Data
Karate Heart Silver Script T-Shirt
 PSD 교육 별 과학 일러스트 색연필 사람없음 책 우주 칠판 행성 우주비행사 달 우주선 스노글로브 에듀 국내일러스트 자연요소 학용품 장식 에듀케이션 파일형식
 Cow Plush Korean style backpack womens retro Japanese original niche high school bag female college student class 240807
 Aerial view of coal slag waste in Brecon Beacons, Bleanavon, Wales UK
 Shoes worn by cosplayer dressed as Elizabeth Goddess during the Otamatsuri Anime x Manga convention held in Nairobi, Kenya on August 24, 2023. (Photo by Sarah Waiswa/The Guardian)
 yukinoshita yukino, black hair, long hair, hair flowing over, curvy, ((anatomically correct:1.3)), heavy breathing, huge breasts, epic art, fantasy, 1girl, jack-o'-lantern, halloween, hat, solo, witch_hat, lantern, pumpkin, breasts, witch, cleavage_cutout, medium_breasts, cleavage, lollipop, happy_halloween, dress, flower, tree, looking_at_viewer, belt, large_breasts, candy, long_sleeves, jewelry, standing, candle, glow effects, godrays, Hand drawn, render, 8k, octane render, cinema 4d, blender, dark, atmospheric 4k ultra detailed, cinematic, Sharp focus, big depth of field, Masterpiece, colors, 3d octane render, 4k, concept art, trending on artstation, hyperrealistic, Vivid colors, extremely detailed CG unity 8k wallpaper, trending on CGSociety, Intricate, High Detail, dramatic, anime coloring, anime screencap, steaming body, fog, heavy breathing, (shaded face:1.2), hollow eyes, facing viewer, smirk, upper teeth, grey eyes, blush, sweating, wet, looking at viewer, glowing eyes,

Problem requirements
Transcribe the material above in full.

Task response
Karate Heart Silver Script T-Shirt
 PSD 교육 별 과학 일러스트 색연필 사람없음 책 우주 칠판 행성 우주비행사 달 우주선 스노글로브 에듀 국내일러스트 자연요소 학용품 장식 에듀케이션 파일형식
 Cow Plush Korean style backpack womens retro Japanese original niche high school bag female college student class 240807
 Aerial view of coal slag waste in Brecon Beacons, Bleanavon, Wales UK
 Shoes worn by cosplayer dressed as Elizabeth Goddess during the Otamatsuri Anime x Manga convention held in Nairobi, Kenya on August 24, 2023. (Photo by Sarah Waiswa/The Guardian)
 yukinoshita yukino, black hair, long hair, hair flowing over, curvy, ((anatomically correct:1.3)), heavy breathing, huge breasts, epic art, fantasy, 1girl, jack-o'-lantern, halloween, hat, solo, witch_hat, lantern, pumpkin, breasts, witch, cleavage_cutout, medium_breasts, cleavage, lollipop, happy_halloween, dress, flower, tree, looking_at_viewer, belt, large_breasts, candy, long_sleeves, jewelry, standing, candle, glow effects, godrays, Hand drawn, render, 8k, octane render, cinema 4d, blender, dark, atmospheric 4k ultra detailed, cinematic, Sharp focus, big depth of field, Masterpiece, colors, 3d octane render, 4k, concept art, trending on artstation, hyperrealistic, Vivid colors, extremely detailed CG unity 8k wallpaper, trending on CGSociety, Intricate, High Detail, dramatic, anime coloring, anime screencap, steaming body, fog, heavy breathing, (shaded face:1.2), hollow eyes, facing viewer, smirk, upper teeth, grey eyes, blush, sweating, wet, looking at viewer, glowing eyes,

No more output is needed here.